**** The data

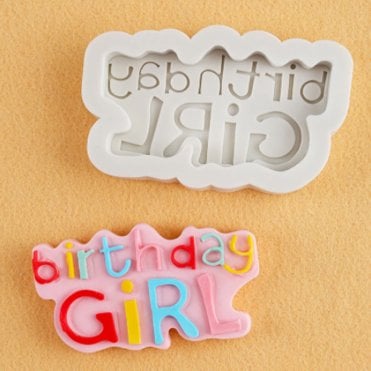 Birthday Girl Chocolate Silicone Mould
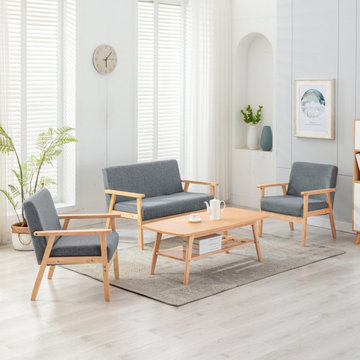 Bahamas 45" Coffee Table Loveseat Chair Set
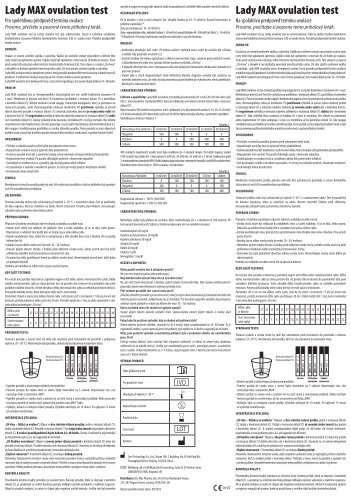 Lady MAX ovulation test Lady MAX ovulation test - Dr. Max LÃ©kÃ¡rna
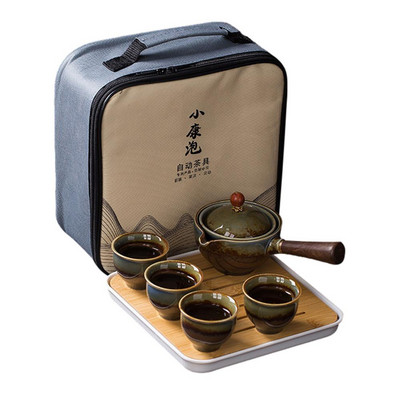 Posuđe za čaj Kineski set za čaj Gong Fu Setovi za čaj Prijenosni set čajnika s 360 rotacijom aparata za čaj i infuzerom, prijenosni, sve u poklon vrećici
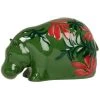 Maisons Du Monde Statuettes Et Figurines Statuette Hippopotame En Dolomite Verte, Rouge Et Rose H14 -Vases Soldes statuette hippopotame en dolomite verte rouge et rose h14 1000 13 40 227303 1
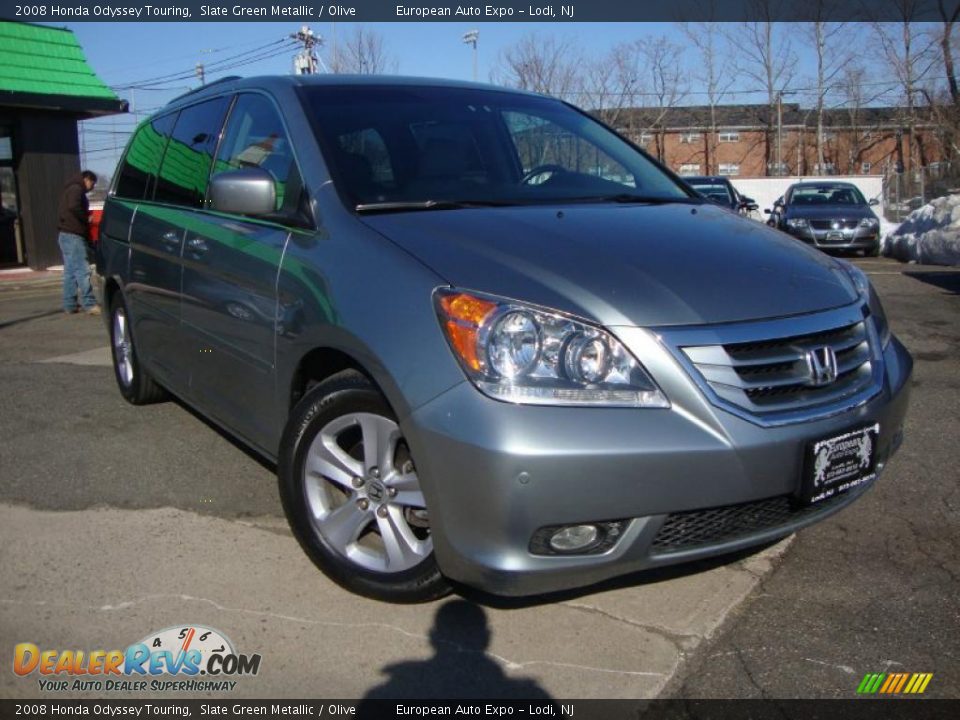 2008 Honda Odyssey Touring Slate Green Metallic / Olive Photo #2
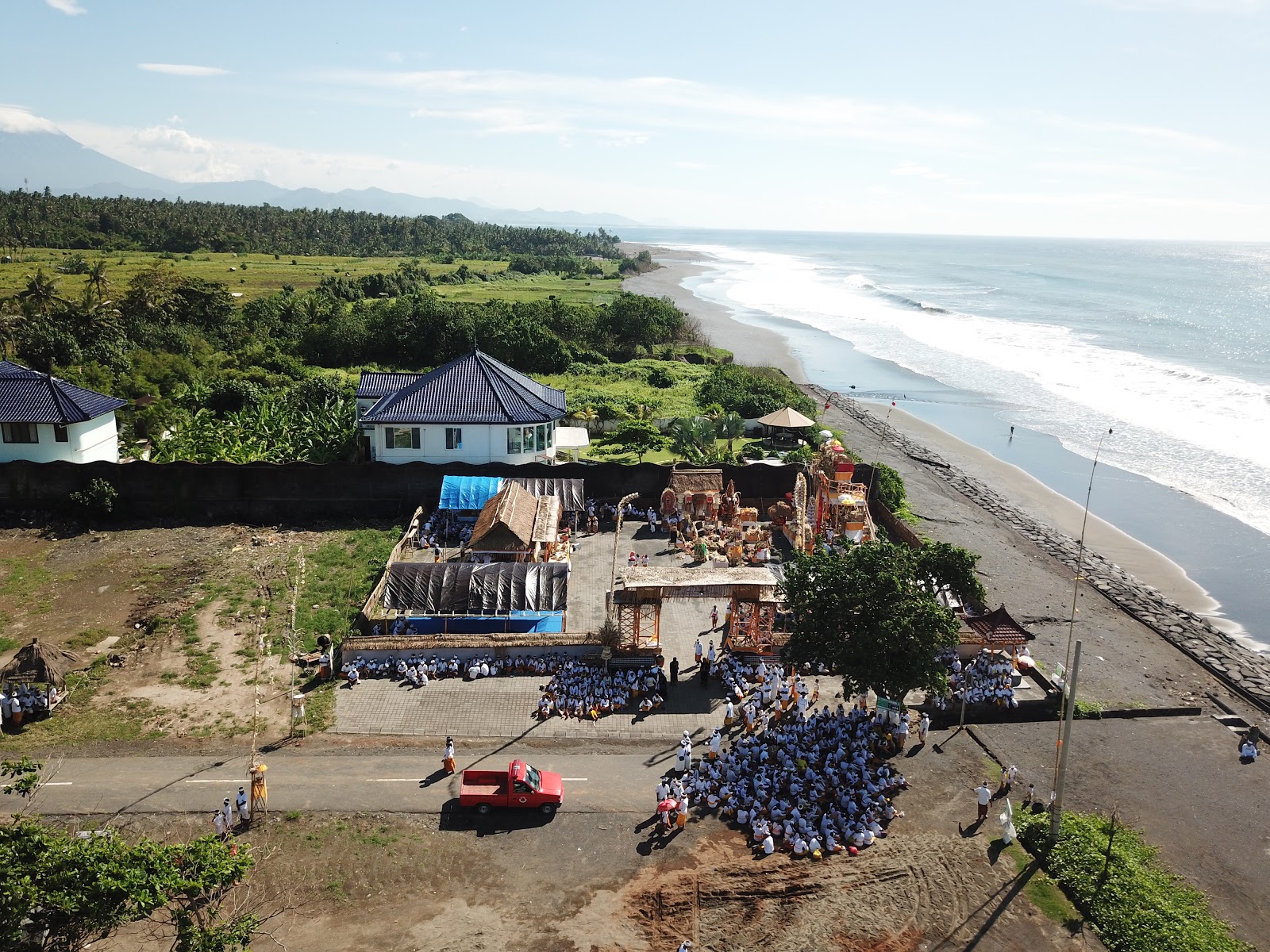 Photo de Purnama Beach zone des équipements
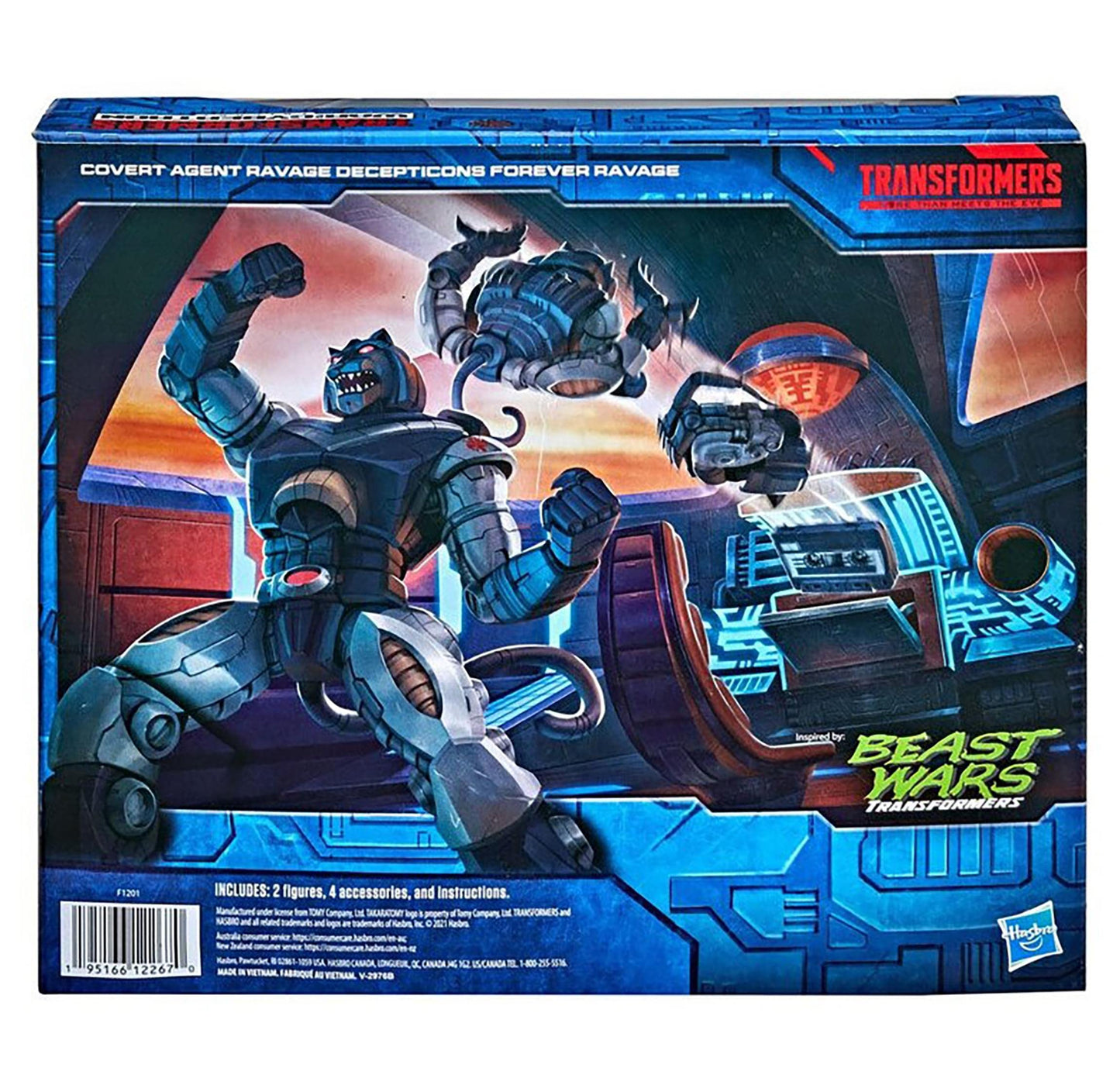 Transformers Generations War For Cybertron Exclusive Deluxe Covert Agent Ravage And Micromaster Decepticons Forever Ravage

********

▶ [Task prompt]: With every picture omitted, write out the material exactly from its first line through the line containing "Lady MAX ovulation test Lady".

▶ [Solved problem]:
 Birthday Girl Chocolate Silicone Mould
 Bahamas 45" Coffee Table Loveseat Chair Set
 Lady MAX ovulation test Lady MAX ovulation test - Dr. Max LÃ©kÃ¡rna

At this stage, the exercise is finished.